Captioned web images

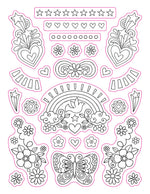 Color Your Own Stickers Party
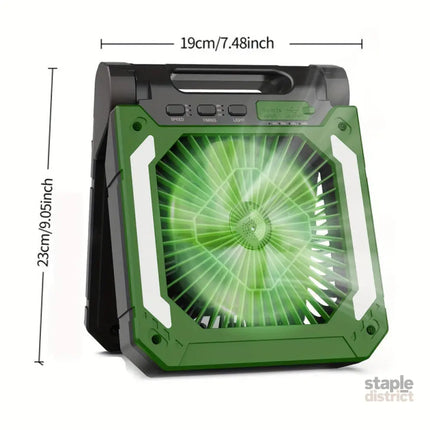20000mAh Solar Camping Fan with LED Light - Appliances > Fans > Portable Fans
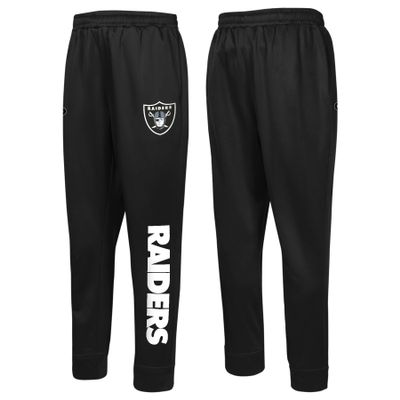 Outerstuff NFL Men's Side Line Elastic Tech Jogger, Las Vegas Raiders, Size Medium Team Color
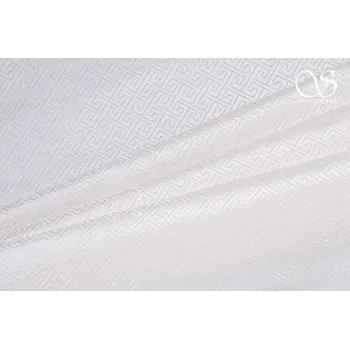 Brokát geometrický, čistě bílý, II. jakost, sartor.cz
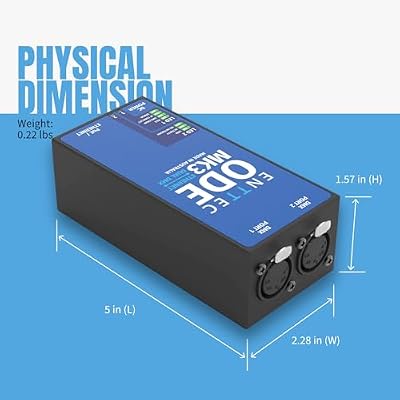 Enttec ODE Mk3 70407 POE 2 Universe Dual DMX / RDM Ethernet Converter Interface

TASK STATEMENT: Drop the pictures and reproduce the rest of the data above exactly.

RESULT OF THIS EXERCISE:
 Color Your Own Stickers Party
20000mAh Solar Camping Fan with LED Light - Appliances > Fans > Portable Fans
 Outerstuff NFL Men's Side Line Elastic Tech Jogger, Las Vegas Raiders, Size Medium Team Color
 Brokát geometrický, čistě bílý, II. jakost, sartor.cz
 Enttec ODE Mk3 70407 POE 2 Universe Dual DMX / RDM Ethernet Converter Interface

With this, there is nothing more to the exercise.